Tuesday, September 29, 2009

A Dog-dancing Day in the Park

It's always a treat when I see these dogs converging from different directions. It means there's going to be an impromptu performance.

The Home-Loan Ranger

The secret is apparently out that Bank of America is not happy with me lately. They bought out the crooks at Countrywide and now manage the outrageous, obscene, inflated, slippery mortgage I ended up with two years ago.

They somehow think that I'm going to let go of the little, one-bedroom house I moved into more than 22 years ago. It'll never happen. Where would I put the mountains of stuff I've pack-ratted for decades? They don't make a shopping cart big enough.

Besides, I gave up camping out and sleeping under the stars when I got out of the Army. To me, "roughing it" is a room at Motel 6 next to the loud ice machine.

I knew that my footrace with foreclosure was public knowledge when at least three people told me about some big shindig at the Los Angeles Convention Center this weekend -- an event where folks like me could go and maybe find some creative way to distract the vultures.

The last thing I figured I'd encounter there today was a conversation with a true urban hero -- I call him The Home-Loan Ranger.

His name is Bruce Marks and he's the founder and CEO of the Neighborhood Assistance Corporation of America (NACA). Neighborhood assistance is an understatement. What he runs is more like a guerrilla army.

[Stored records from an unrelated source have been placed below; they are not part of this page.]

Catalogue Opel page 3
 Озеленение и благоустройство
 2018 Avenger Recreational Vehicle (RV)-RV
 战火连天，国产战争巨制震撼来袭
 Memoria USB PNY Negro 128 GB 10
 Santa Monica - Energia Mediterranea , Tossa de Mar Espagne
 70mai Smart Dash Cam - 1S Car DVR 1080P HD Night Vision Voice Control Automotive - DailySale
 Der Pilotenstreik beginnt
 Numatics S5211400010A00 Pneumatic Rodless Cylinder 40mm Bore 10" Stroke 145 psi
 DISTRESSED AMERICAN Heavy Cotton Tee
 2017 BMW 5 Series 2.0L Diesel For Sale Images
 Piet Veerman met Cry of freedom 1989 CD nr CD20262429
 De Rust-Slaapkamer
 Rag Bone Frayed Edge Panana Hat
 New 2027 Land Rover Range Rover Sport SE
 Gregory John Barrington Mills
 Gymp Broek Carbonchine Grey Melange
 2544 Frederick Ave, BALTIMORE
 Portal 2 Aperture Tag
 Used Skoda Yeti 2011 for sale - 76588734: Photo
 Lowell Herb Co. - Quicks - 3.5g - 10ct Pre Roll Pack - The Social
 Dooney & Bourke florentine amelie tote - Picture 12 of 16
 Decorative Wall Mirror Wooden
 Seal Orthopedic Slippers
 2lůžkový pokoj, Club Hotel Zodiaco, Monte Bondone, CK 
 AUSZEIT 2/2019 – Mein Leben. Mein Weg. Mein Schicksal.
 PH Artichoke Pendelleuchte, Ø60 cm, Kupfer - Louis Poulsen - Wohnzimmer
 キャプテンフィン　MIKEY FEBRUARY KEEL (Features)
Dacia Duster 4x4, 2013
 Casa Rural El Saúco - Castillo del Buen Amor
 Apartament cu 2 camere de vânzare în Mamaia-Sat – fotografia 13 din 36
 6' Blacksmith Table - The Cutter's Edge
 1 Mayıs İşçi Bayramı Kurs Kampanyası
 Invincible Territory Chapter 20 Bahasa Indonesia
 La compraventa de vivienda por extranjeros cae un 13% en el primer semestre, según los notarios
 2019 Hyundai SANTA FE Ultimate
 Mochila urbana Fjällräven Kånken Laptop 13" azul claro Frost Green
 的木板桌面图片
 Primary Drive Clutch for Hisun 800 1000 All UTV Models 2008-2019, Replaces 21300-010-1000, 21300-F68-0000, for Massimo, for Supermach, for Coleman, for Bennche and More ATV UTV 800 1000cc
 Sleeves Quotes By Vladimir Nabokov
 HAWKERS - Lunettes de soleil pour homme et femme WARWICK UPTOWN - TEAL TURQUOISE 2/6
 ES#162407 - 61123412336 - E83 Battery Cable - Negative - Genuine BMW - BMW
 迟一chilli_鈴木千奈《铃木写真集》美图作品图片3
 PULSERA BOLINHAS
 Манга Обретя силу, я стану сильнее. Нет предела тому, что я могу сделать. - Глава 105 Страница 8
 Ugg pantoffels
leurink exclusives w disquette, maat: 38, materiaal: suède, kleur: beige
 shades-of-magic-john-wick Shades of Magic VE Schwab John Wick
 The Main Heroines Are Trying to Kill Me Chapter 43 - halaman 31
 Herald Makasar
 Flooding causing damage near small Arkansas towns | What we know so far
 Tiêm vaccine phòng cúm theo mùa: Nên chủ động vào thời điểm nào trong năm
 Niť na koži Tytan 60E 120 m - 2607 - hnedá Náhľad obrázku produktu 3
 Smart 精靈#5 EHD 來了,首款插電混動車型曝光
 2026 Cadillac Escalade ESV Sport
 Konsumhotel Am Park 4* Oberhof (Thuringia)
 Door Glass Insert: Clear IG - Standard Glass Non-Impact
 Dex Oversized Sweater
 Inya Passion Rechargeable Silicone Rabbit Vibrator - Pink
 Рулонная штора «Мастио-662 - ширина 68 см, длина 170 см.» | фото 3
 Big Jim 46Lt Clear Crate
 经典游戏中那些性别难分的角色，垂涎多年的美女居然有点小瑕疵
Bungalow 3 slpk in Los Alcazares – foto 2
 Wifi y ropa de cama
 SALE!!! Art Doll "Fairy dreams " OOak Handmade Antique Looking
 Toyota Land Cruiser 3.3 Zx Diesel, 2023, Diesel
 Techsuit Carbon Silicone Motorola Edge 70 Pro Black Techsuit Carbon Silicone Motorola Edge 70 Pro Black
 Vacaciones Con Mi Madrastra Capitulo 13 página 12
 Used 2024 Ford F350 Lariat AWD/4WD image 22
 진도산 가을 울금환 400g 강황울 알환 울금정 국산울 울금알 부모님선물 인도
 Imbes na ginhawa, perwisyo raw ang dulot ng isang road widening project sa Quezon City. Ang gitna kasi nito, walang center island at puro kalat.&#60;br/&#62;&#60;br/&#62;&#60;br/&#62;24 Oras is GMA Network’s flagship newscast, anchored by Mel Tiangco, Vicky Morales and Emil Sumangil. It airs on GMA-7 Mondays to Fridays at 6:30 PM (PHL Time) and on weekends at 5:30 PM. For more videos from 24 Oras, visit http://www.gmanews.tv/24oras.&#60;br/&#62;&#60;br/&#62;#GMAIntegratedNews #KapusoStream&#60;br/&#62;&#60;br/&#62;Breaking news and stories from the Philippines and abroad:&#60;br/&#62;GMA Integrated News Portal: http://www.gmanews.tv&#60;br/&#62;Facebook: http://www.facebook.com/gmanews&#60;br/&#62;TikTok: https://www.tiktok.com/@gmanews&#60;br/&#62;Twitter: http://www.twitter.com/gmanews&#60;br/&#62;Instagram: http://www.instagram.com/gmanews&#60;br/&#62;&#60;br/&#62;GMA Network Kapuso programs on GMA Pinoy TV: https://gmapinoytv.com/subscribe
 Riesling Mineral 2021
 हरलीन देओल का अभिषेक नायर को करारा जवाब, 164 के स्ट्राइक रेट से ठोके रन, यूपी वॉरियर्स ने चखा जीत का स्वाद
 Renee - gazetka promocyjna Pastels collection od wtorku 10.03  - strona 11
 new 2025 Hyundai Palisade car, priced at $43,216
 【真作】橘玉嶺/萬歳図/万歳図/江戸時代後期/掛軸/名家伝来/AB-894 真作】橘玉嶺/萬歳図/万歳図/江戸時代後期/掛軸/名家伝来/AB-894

When I heard him tell the crowd of a couple thousand of my delinquent brethren about how he "gets the attention" of the CEOs of banks and other lending institutions, I darn near wanted to build a stature of him on Figueroa Street or something.

He's doing the stuff I dream of doing. When the rich, fat-cat executives ignore his calls for restructuring the rancid loans his troops are stuck with, he leads a small batallion of them to the CEO's doorstep -- the home doorstep.

He gives out their home phone numbers and encourages everyone and their relatives to call the big wheel at home -- every 15 minutes.

I don't know where I've been that I haven't heard about his delightful tactics or about the other massive gatherings he's been hosting. I had to learn more -- from the horse's mouth.

I waited for him to finish an inspirational pep rally and I approached him with notebook in hand.

It's great to be a journalist. Such access. Such respect (sort of).

Within 20 minutes or so we had found a less-noisy spot and I picked his brain apart.

Then I talked to a few of the thousands of people he had helped this weekend and I began to feel just how much of a Pied Piper the Loan Arranger really is.

Here's a short sample of what he and a couple of others told me:

I'll be heading off in the next couple of weeks to one of his next gatherings in either Phoenix, Las Vegas or Oakland. It turns out I didn't have all of the paperwork that they require. Plus, a couple of weeks gives me some more time to nail down some additional work assignments.

I want to grow up to be like Bruce Marks.

Maybe he needs a sidekick. The Loan Arranger and Donto!

Friday, September 25, 2009

Leti lights up the morning

Her name is Leticia, but anyone with that name in Mexico quickly becomes Leti.

She's one of the many people who make the rounds at the local park. Her eyes are so warm that they light up the morning. She's not the only visitor in search of recyclables. You'd be amazed at the number of hard-working and dedicated residents who count on bottles and cans to round out whatever income they need to keep kids dressed and in school and to pay the rent an utilities.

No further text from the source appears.